## [Task brief]
Output, word for word, each line from the one with "Camping Papa T" through the end of the listing below, excluding every picture.

## [Extracted entries]
== Segment start ==
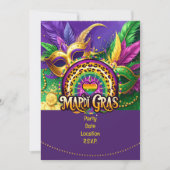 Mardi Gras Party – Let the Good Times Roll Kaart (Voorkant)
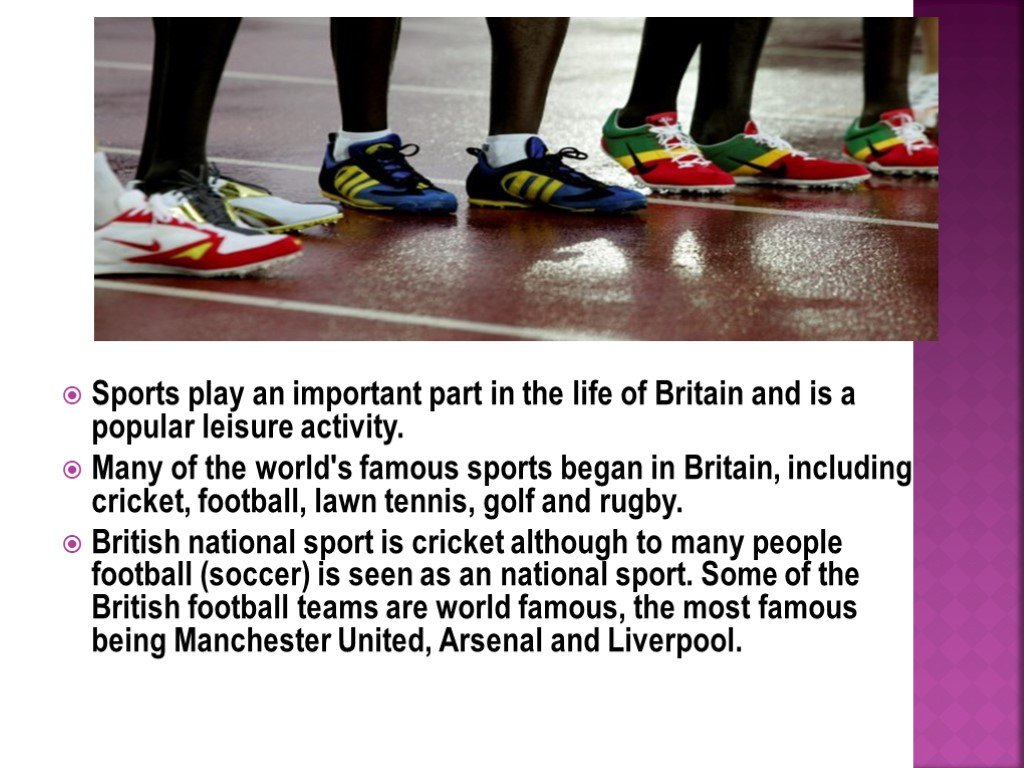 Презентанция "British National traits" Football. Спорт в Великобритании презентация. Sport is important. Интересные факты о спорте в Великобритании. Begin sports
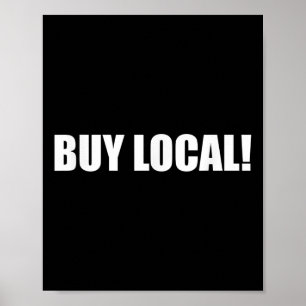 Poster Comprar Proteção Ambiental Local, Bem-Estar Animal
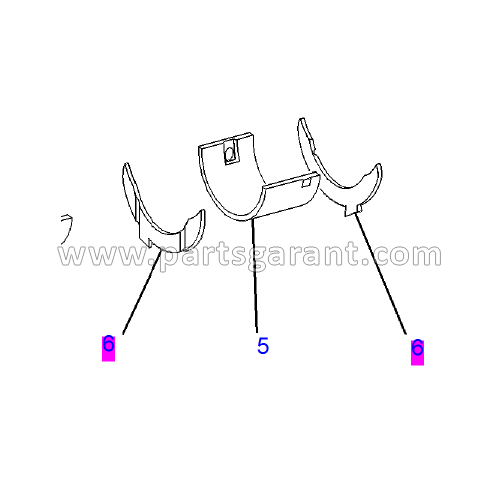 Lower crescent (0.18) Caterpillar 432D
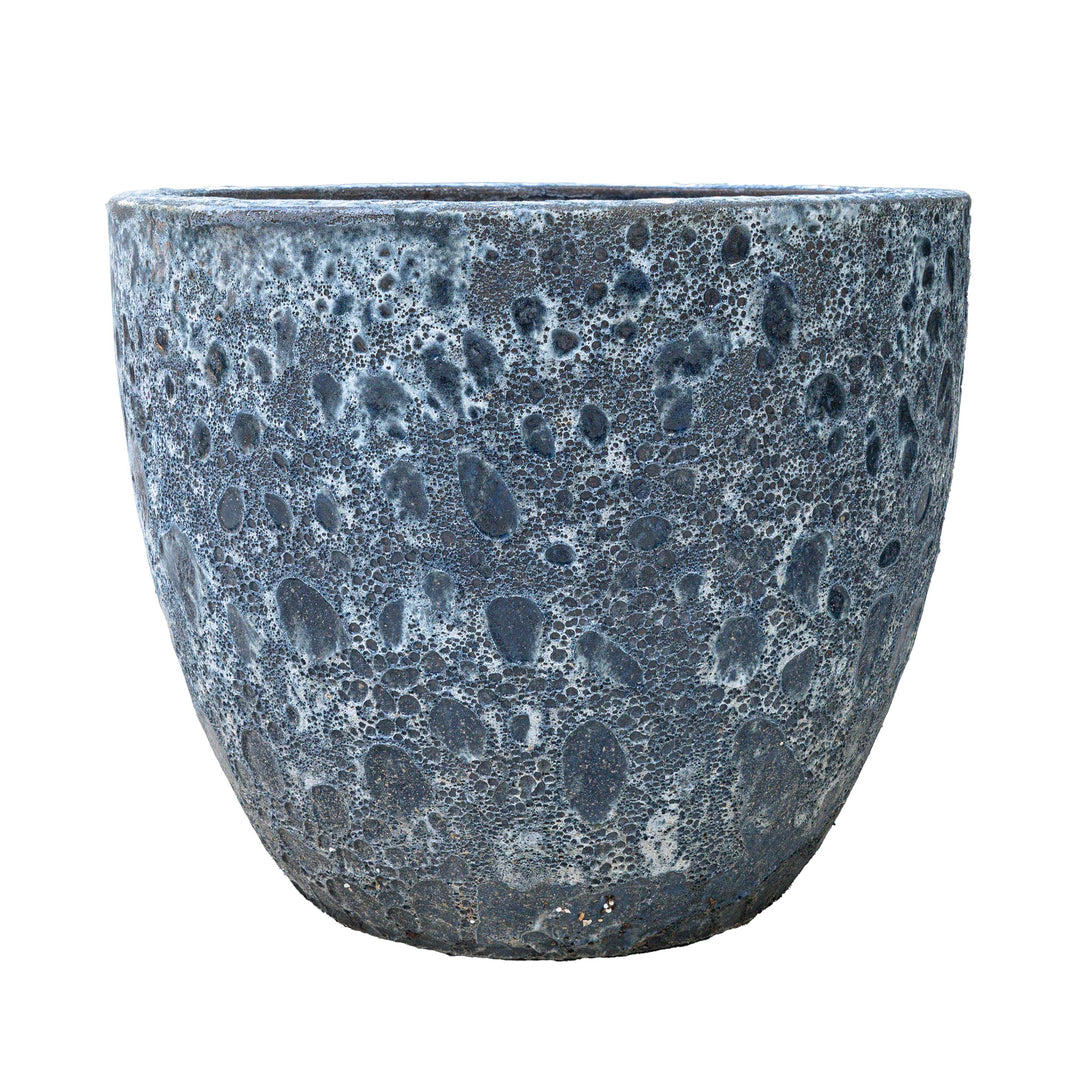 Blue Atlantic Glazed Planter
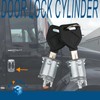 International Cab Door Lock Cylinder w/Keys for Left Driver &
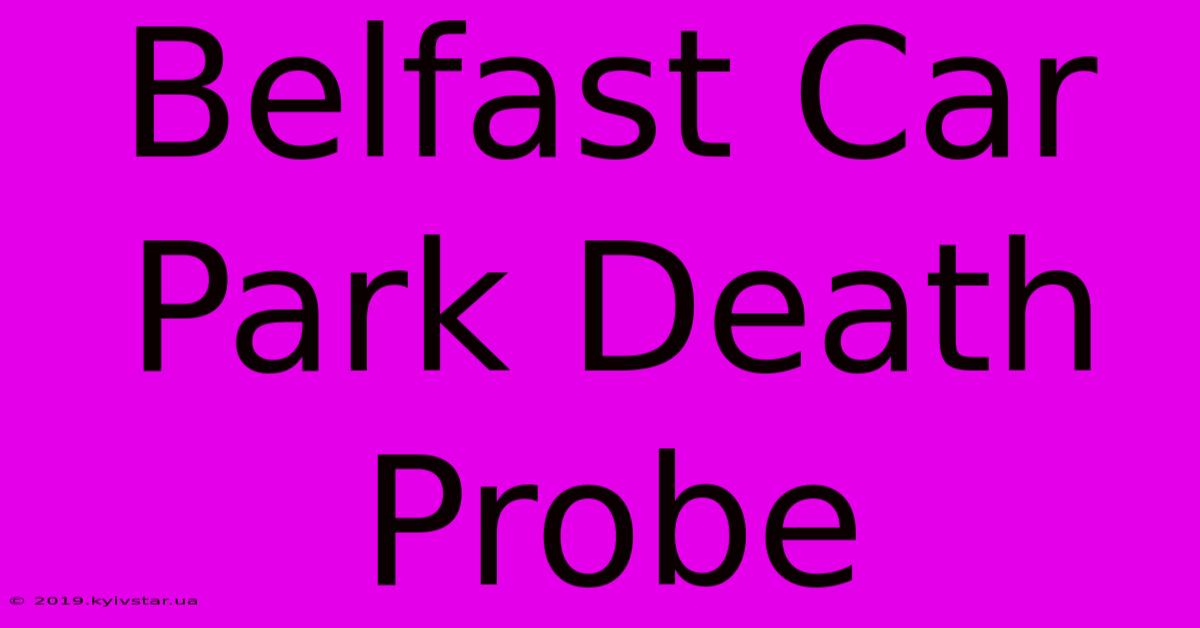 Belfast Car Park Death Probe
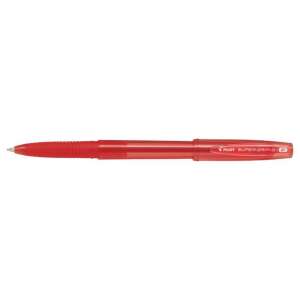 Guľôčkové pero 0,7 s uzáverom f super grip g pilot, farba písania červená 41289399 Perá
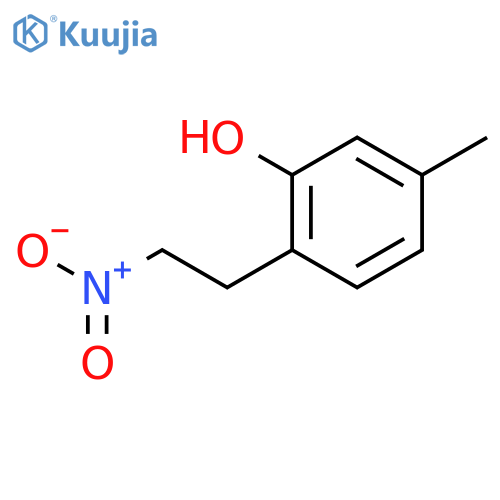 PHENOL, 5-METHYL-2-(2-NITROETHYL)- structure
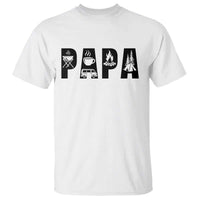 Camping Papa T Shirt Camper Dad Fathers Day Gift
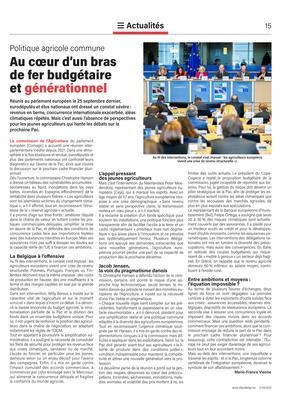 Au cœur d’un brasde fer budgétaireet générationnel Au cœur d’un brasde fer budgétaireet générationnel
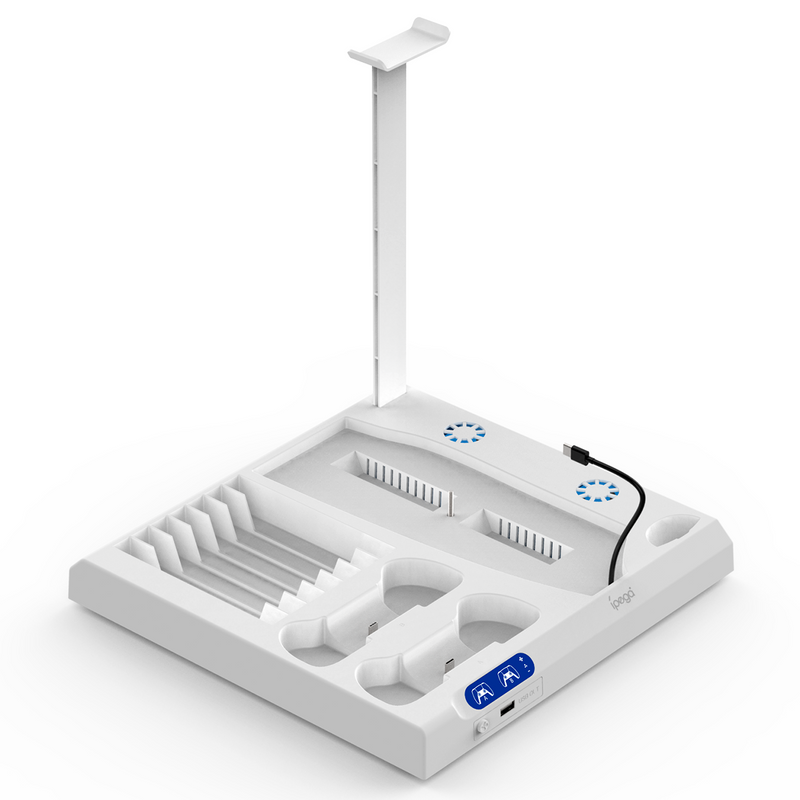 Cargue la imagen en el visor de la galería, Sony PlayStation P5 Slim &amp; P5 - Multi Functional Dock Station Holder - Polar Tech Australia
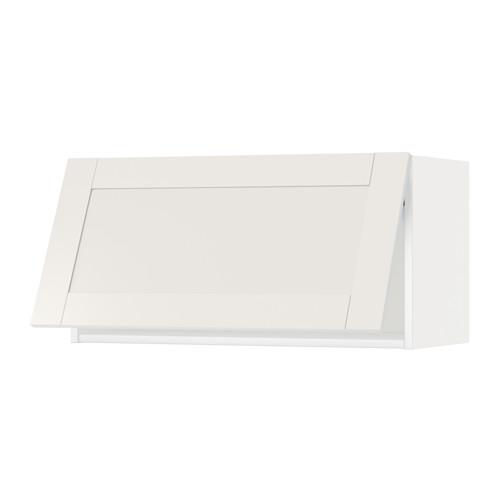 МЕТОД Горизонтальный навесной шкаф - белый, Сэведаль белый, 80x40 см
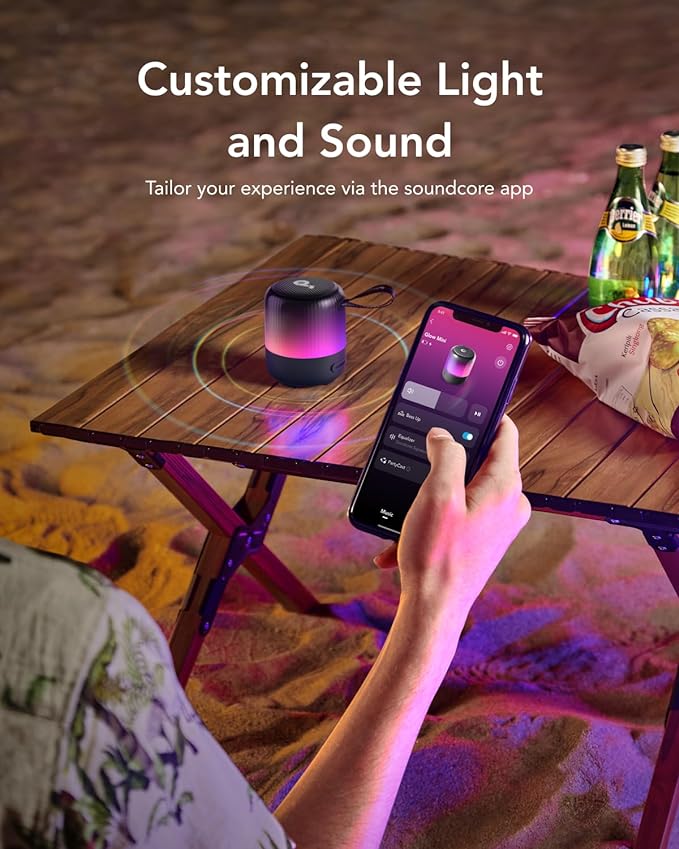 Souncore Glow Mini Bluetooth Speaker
== Segment end ==
## [Result]
 Camping Papa T Shirt Camper Dad Fathers Day Gift
 Au cœur d’un brasde fer budgétaireet générationnel Au cœur d’un brasde fer budgétaireet générationnel
 Cargue la imagen en el visor de la galería, Sony PlayStation P5 Slim &amp; P5 - Multi Functional Dock Station Holder - Polar Tech Australia
 МЕТОД Горизонтальный навесной шкаф - белый, Сэведаль белый, 80x40 см
 Souncore Glow Mini Bluetooth Speaker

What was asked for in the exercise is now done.